In the study of a Lesson-Sermon on "Sacrament," a student of Christian Science was deeply impressed with Jesus' observance of the Passover. Not only did he observe it in obedience to a religious custom instituted in the period of the activities of Moses in leading the children of Israel out of the bondage of Egypt, but he elevated the form of worship which it indicated to a more spiritual meaning and application. As this evidence of compliance with religious custom or form by our Way-shower began to unfold in its necessity and spiritual import, the student became cognizant of the need in this hour for Christian Scientists to be alert to their privilege and duty, namely, the willing observance of certain forms of worship still incumbent upon us, and the instruction of our children in loving compliance therewith.
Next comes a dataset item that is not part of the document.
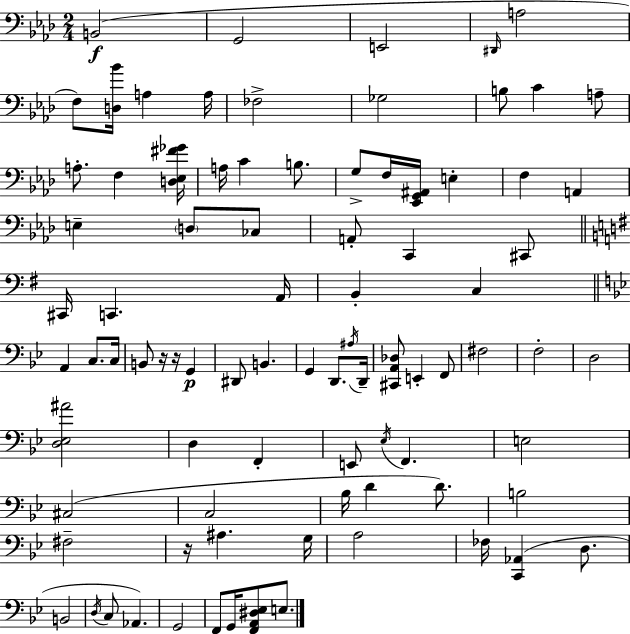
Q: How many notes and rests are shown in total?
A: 86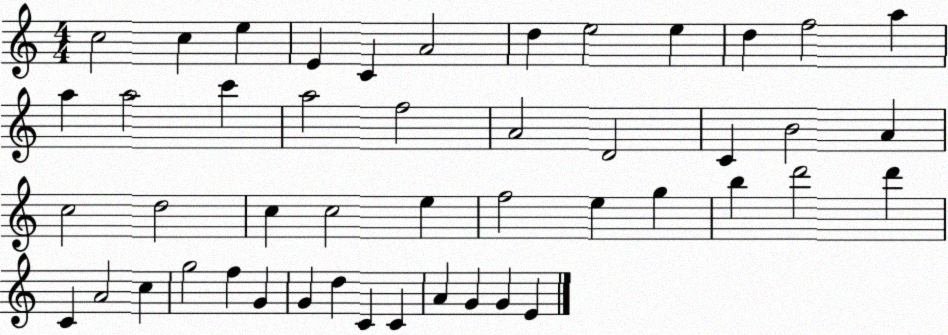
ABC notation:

In our Church Manual (pp. 62,63) we find the first of our Leader's provisions for the instruction of children in Sunday school to be as follows: "The first lessons of the children should be the Ten Commandments." In teaching the Ten Commandments in Sunday school, the fourth commandment as well as the others should receive consideration. As one contemplates the former beliefs of the many who turn to Christian Science for healing and salvation, one need not be amazed that these varying beliefs are expressed in the children, but rather should he ponder the words of Mary Baker Eddy in "Miscellaneous Writings" (p. 224): "We should remember that the world is wide; that there are a thousand million different human wills, opinions, ambitions, tastes, and loves; that each person has a different history, constitution, culture, character, from all the rest."

We find, therefore, that there are those who before turning to Christian Science have been trained in strictest observance of a set form of keeping the Sabbath; that others have been taught a mournful attitude toward it, coupled with a deprivation of normal and legitimate activity, bringing about a dreaded inertia in the home; that to others it has meant only a day of cessation from physical labor; and that to others still it has meant no more than any other day in the week, and such as these indulge in frivolous amusements which appeal only to the material senses, accentuating the belief in the value of material pleasures. These customs are not adapted to the observance of the Sabbath as a symbol of that heavenly rest referred to by the writer to the Hebrews when he said: "There remaineth therefore a rest to the people of God"—even that rest from the beliefs which hold out good to mankind as in matter.